Prominent businessmen, Ben Springer and James Van Bramer were the original owners of this prominent structure designed by architect Noble Stonestreet Hoffar - also referred to as N.S. Hoffar - and it attracted commercial and retail occupants as well as those in the social area like the Masons and the Odd Fellows. (In fact another name for this building is the Masonic Block)

This is a large and substantial Victorian Italianate Style structure and this style was popular in Canada during the late nineteenth century and Gastown has some very fine examples.

This is the J.W. Horne Block A.K.A Horne Block A.K.A Brinsmead Block. I would say it is close to the  Springer and Van Bramer Block  but that would be an understatement.

As you may be able to tell from these two photos, the buildings form one contiguous unit  that fills an edge shaped lot created by city surveys. (The triangular lot was dictated by the convergence of the original 1870 Granville Townsite survey and the CPR's 1885 grid plan survey to the south.)

Alderman  and real estate developer James W. Horne, after whom this building is named, once owned more land in Vancouver than anyone except the CPR. Other buildings in the area show Horne's prosperity at the time. As the design and detailing of this building shows the prosperity of Gastown at the time.

The same architect, N.S. Hoffar, who built the previous building built this one in 1889.

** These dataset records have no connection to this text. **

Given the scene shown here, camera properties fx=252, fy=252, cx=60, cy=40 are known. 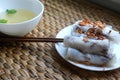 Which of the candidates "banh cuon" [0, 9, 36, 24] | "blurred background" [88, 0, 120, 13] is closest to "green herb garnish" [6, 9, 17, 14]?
"banh cuon" [0, 9, 36, 24]

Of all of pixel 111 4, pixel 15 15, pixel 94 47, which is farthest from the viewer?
pixel 111 4

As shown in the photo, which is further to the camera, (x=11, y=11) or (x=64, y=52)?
(x=11, y=11)

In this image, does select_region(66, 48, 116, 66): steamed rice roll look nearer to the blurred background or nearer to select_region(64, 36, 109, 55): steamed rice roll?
select_region(64, 36, 109, 55): steamed rice roll

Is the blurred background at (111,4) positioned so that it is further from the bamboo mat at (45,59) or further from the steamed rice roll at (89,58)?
the steamed rice roll at (89,58)

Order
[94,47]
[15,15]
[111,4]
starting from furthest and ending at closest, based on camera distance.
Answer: [111,4]
[15,15]
[94,47]

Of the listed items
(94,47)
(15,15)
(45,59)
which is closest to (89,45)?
(94,47)

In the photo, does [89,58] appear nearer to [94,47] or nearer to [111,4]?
[94,47]

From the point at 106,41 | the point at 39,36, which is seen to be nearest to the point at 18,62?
the point at 39,36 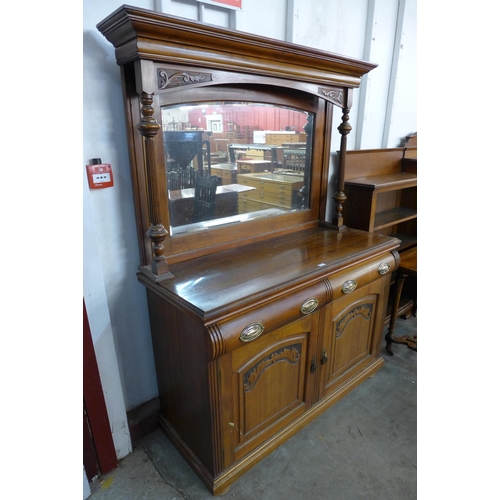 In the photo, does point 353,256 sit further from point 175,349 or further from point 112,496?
point 112,496

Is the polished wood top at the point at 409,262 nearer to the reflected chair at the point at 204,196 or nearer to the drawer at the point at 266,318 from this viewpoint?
the drawer at the point at 266,318

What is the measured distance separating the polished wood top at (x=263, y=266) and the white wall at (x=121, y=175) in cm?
28

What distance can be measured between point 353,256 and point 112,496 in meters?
1.57

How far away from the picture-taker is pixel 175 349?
1.53 meters

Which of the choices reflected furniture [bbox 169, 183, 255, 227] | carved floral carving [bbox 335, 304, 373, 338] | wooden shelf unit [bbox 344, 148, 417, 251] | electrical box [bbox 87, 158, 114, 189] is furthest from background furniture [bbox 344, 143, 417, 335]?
electrical box [bbox 87, 158, 114, 189]

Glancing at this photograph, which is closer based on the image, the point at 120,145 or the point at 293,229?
the point at 120,145

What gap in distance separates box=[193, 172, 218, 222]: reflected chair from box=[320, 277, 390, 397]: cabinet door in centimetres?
76

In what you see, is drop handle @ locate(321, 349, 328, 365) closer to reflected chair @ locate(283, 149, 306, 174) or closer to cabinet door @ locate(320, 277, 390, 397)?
cabinet door @ locate(320, 277, 390, 397)

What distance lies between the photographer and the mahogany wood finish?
1267mm

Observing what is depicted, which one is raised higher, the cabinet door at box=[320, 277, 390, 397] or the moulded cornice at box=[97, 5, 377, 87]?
the moulded cornice at box=[97, 5, 377, 87]

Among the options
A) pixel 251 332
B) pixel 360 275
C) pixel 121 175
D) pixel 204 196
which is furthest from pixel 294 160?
pixel 251 332

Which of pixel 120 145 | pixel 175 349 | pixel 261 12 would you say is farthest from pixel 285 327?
pixel 261 12

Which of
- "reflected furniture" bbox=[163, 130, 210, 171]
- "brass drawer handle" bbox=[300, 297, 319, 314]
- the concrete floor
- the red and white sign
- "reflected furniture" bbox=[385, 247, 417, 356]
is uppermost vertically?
the red and white sign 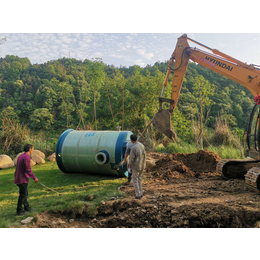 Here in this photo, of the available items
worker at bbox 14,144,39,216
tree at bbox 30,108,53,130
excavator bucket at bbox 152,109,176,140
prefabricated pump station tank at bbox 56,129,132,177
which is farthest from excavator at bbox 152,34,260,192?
tree at bbox 30,108,53,130

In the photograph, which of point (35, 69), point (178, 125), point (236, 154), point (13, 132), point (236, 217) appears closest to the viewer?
point (236, 217)

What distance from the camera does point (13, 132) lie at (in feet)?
42.2

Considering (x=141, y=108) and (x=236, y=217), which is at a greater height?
(x=141, y=108)

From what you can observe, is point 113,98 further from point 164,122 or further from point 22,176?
point 22,176

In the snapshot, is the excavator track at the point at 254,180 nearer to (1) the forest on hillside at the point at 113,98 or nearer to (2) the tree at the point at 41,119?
(1) the forest on hillside at the point at 113,98

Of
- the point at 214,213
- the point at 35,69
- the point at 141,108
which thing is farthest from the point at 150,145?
the point at 35,69

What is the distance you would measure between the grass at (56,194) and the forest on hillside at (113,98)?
4941mm

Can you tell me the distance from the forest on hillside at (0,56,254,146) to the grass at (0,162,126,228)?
4941mm

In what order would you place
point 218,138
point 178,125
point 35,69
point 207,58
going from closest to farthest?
1. point 207,58
2. point 218,138
3. point 178,125
4. point 35,69

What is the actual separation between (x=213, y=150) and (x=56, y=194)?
906 centimetres

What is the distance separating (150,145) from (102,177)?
6.49 m

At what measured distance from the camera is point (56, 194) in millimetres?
6266

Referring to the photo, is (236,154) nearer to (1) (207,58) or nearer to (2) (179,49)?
(1) (207,58)

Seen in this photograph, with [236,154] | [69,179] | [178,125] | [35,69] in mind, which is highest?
[35,69] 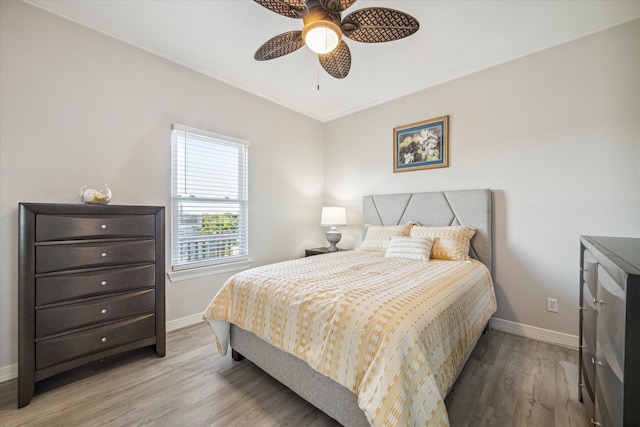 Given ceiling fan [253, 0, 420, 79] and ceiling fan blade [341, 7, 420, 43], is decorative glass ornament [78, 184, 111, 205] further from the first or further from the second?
ceiling fan blade [341, 7, 420, 43]

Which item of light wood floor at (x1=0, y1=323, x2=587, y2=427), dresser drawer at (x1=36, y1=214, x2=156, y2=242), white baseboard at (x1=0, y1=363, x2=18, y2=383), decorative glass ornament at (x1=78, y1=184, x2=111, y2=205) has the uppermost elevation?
decorative glass ornament at (x1=78, y1=184, x2=111, y2=205)

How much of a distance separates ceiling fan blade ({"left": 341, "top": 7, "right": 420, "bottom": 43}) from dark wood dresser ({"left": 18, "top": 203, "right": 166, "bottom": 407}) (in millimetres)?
1996

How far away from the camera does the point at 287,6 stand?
1.56 m

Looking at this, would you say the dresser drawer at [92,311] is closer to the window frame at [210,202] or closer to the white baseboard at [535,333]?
the window frame at [210,202]

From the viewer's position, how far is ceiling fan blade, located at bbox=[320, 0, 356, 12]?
152cm

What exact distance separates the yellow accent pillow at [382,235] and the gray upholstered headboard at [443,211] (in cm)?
20

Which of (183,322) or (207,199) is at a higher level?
(207,199)

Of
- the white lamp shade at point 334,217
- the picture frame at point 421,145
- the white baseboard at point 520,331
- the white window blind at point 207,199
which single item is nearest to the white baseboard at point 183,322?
the white baseboard at point 520,331

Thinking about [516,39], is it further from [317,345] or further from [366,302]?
[317,345]

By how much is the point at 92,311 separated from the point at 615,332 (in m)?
2.74

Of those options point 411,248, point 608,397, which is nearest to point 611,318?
point 608,397

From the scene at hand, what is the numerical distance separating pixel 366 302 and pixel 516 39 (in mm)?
2751

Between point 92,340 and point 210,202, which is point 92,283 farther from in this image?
point 210,202

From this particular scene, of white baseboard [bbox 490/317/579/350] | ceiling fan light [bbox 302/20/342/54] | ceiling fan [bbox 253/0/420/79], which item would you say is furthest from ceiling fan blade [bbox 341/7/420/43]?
white baseboard [bbox 490/317/579/350] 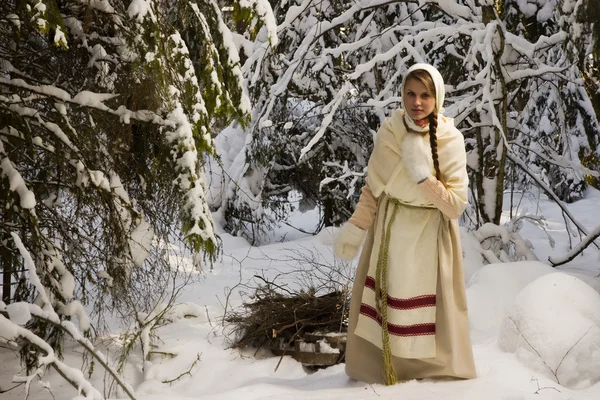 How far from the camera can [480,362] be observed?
414 cm

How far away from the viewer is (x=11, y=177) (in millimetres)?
3301

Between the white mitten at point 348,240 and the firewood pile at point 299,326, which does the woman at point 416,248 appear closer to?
the white mitten at point 348,240

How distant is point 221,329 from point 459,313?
2.22 meters

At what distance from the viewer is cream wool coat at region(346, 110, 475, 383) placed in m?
3.68

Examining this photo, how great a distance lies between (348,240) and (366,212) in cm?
19

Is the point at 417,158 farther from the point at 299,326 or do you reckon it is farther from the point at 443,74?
the point at 443,74

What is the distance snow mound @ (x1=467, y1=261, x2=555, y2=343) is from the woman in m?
1.18

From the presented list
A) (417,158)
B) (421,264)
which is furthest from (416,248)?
(417,158)

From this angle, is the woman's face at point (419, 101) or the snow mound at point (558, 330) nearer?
the woman's face at point (419, 101)

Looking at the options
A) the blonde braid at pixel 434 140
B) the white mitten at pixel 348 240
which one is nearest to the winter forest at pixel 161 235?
the white mitten at pixel 348 240

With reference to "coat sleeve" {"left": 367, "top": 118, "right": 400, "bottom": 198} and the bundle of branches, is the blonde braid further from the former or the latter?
the bundle of branches

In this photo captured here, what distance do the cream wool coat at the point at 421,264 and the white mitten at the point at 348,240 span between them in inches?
3.9

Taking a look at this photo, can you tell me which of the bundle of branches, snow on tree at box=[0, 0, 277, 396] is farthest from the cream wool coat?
the bundle of branches

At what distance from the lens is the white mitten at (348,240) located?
3.86 metres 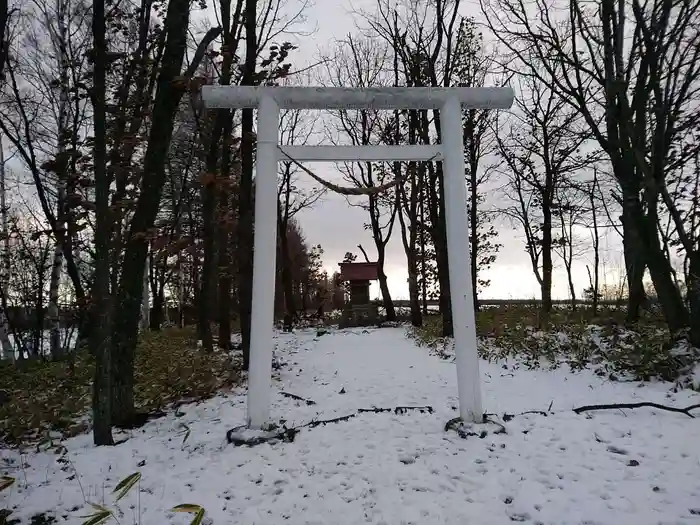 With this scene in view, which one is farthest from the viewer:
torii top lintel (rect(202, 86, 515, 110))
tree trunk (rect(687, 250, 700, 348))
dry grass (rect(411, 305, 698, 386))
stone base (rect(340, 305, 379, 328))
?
stone base (rect(340, 305, 379, 328))

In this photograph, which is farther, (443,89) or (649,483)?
(443,89)

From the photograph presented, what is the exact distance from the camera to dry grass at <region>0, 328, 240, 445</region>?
5449mm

The J.W. Horne Block is situated on West Cordova Street and is where Homer  Street ends its route to the north. As you have seen the J.W. Horne Block is built on a triangular lot. On one side is West Cordova and on the other is an alley and the Homer Street Arcade.

Built in 1912 this two storey plus lower level masonry commercial building has gone by a few names such as Cloth Hill, Arcade Building and Le Magasin.

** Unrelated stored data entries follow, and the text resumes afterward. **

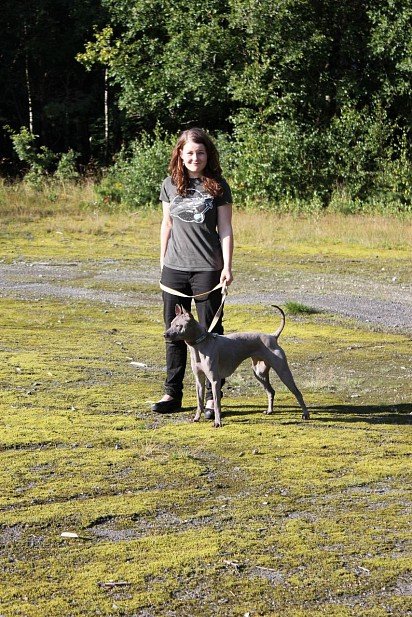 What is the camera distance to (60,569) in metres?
4.12

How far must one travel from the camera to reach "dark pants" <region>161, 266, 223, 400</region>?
684 centimetres

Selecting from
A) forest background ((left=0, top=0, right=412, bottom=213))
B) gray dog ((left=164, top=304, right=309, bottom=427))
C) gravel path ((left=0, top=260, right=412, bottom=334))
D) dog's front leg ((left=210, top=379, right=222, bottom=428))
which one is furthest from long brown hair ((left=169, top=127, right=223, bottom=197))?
forest background ((left=0, top=0, right=412, bottom=213))

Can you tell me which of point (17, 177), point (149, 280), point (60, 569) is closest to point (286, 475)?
point (60, 569)

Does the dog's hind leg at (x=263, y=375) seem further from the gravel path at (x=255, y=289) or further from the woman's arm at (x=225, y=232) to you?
the gravel path at (x=255, y=289)

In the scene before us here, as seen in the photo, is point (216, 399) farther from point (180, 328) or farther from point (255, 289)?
point (255, 289)

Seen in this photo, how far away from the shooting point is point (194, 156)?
658cm

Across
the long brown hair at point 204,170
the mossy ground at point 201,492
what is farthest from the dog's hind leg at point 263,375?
the long brown hair at point 204,170

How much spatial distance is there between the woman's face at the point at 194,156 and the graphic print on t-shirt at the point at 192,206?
0.16 metres

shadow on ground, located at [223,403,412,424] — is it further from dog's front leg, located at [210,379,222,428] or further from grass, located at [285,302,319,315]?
grass, located at [285,302,319,315]

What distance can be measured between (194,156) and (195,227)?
0.45 m

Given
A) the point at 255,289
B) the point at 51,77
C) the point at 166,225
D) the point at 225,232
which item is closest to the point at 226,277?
the point at 225,232

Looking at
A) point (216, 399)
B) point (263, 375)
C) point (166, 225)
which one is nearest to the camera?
point (216, 399)

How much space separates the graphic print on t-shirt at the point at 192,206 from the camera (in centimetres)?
672

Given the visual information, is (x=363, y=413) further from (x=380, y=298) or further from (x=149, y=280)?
(x=149, y=280) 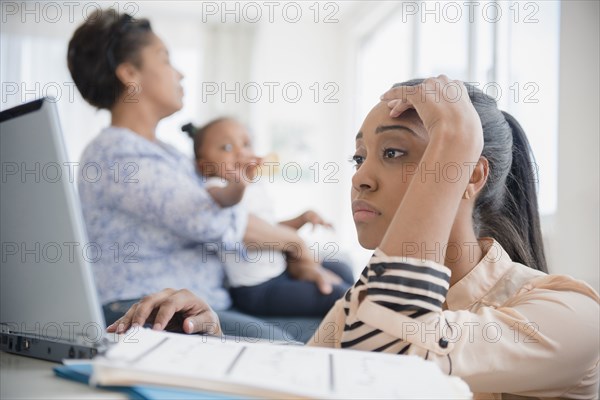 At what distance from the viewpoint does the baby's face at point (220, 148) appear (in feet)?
8.14

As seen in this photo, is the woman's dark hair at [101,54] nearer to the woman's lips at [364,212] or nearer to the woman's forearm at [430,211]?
the woman's lips at [364,212]

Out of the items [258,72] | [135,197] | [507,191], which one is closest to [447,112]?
[507,191]

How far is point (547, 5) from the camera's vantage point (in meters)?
2.26

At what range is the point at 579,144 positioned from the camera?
5.70 ft

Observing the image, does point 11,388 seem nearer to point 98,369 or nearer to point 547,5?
point 98,369

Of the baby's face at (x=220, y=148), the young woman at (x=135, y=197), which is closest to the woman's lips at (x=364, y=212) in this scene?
the young woman at (x=135, y=197)

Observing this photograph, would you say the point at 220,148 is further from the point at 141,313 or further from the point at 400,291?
the point at 400,291

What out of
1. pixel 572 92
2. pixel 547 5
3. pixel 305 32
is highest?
pixel 305 32

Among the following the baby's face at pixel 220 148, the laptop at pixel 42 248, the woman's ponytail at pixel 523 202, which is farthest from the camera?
the baby's face at pixel 220 148

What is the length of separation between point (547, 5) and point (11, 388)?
88.2 inches

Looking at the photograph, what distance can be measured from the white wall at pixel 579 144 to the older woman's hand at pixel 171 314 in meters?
1.16

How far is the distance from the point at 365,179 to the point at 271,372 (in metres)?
0.54

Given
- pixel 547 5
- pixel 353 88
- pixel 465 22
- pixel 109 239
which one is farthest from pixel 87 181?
pixel 353 88

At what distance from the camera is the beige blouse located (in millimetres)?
718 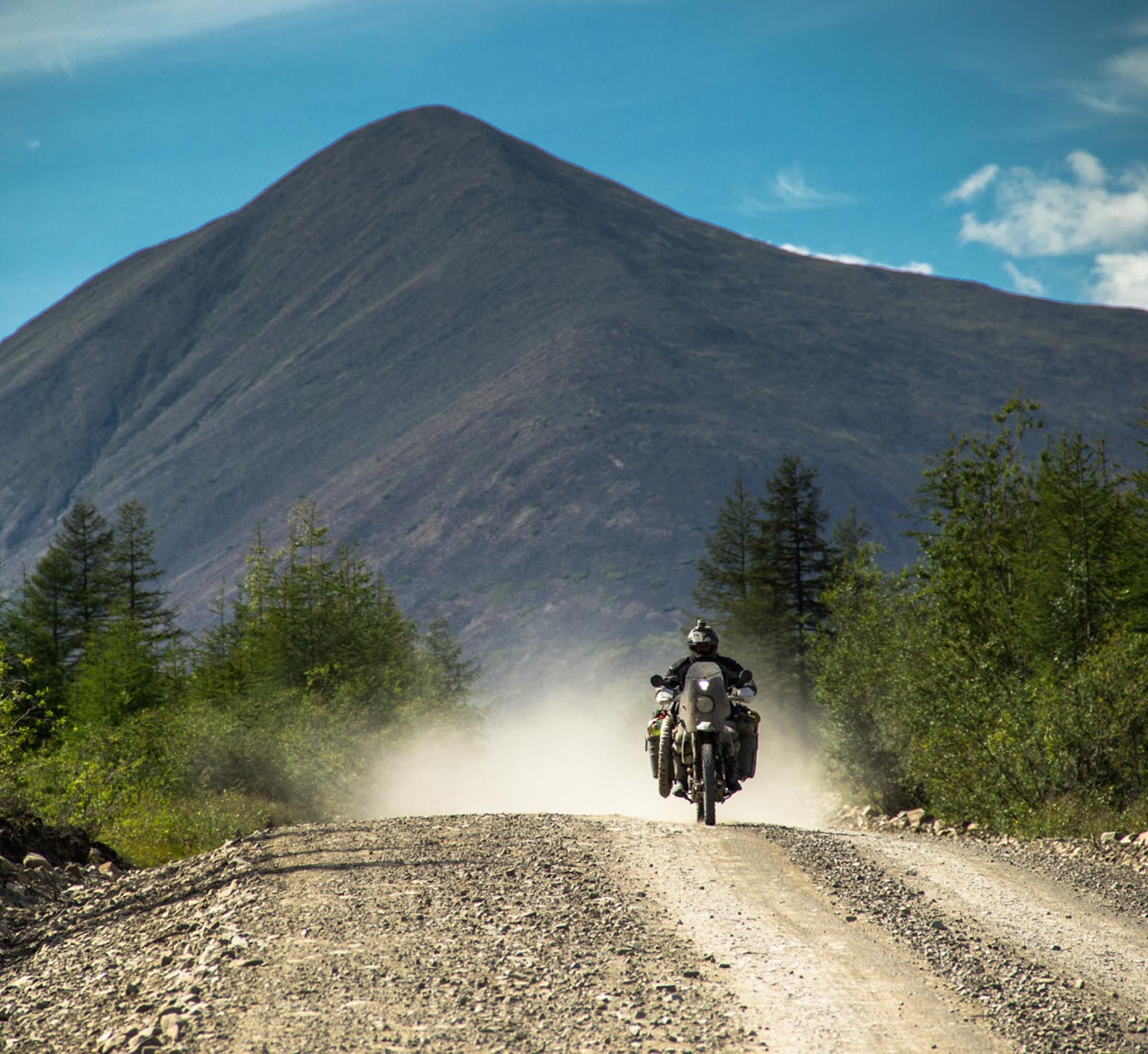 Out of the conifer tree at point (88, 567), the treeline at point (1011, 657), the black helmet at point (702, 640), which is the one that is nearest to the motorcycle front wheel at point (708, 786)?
the black helmet at point (702, 640)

This was not a common building type - in fact the only one like it in Gastown - it had a covered passage with shops on both sides. Due to its location it has frontage on both sides. Originally the Water street side was more industrial with the south side, the alley, being more elaborate. The building was designed by architects Bertram Dudley Stuart and Howard E. White.

Back to J.W. Horne. This is the Horne Block built in 1890 and designed by N.S. Hoffar.

James Horne founded the Vancouver Loan, Trust, Savings and Guarantee Company  and is said to have brought $1.5 million in investment money from Brandon, Manitoba. While working as an alderman from 1889 - 1890 Horne worked with David Oppenheimer to municipalize Vancouver Water Works.

Past tenants of the Horne Block, or the Mutual Block, are the Bank of North America (1892), Rand Bros. Real Estate (1896) and G.A. Roedde, bookbinder (1896). Another noted tenant was the architect who designed the First Presbyterian Church (1894) at East Hastings Street and Gore Avenue, Atlen H. Towle.

The building was also home to many publishing and lithography firms during the time period between 1910 and 1925 - due probably to the bjuilding's close proximity to the newspaper offices of the Vancouver Sun and Province. From the 1930s to the 50s (and now) clothing retailers, bookstores and cleaners were the most common residents. (And at one time it has served as an inn)

A unique feature to this building is that the ground floor is recessed behind cast iron columns and shops are connected by staircases bridging the area below street level. This is a common feature in Britain but rare in Vancouver.

The elongated brick arches, which spans pairs of windows, are integrated into the brickwork.

That is a just a small glimpse into one of the influential people who helped to form this city.

I hope you find the beauty around you.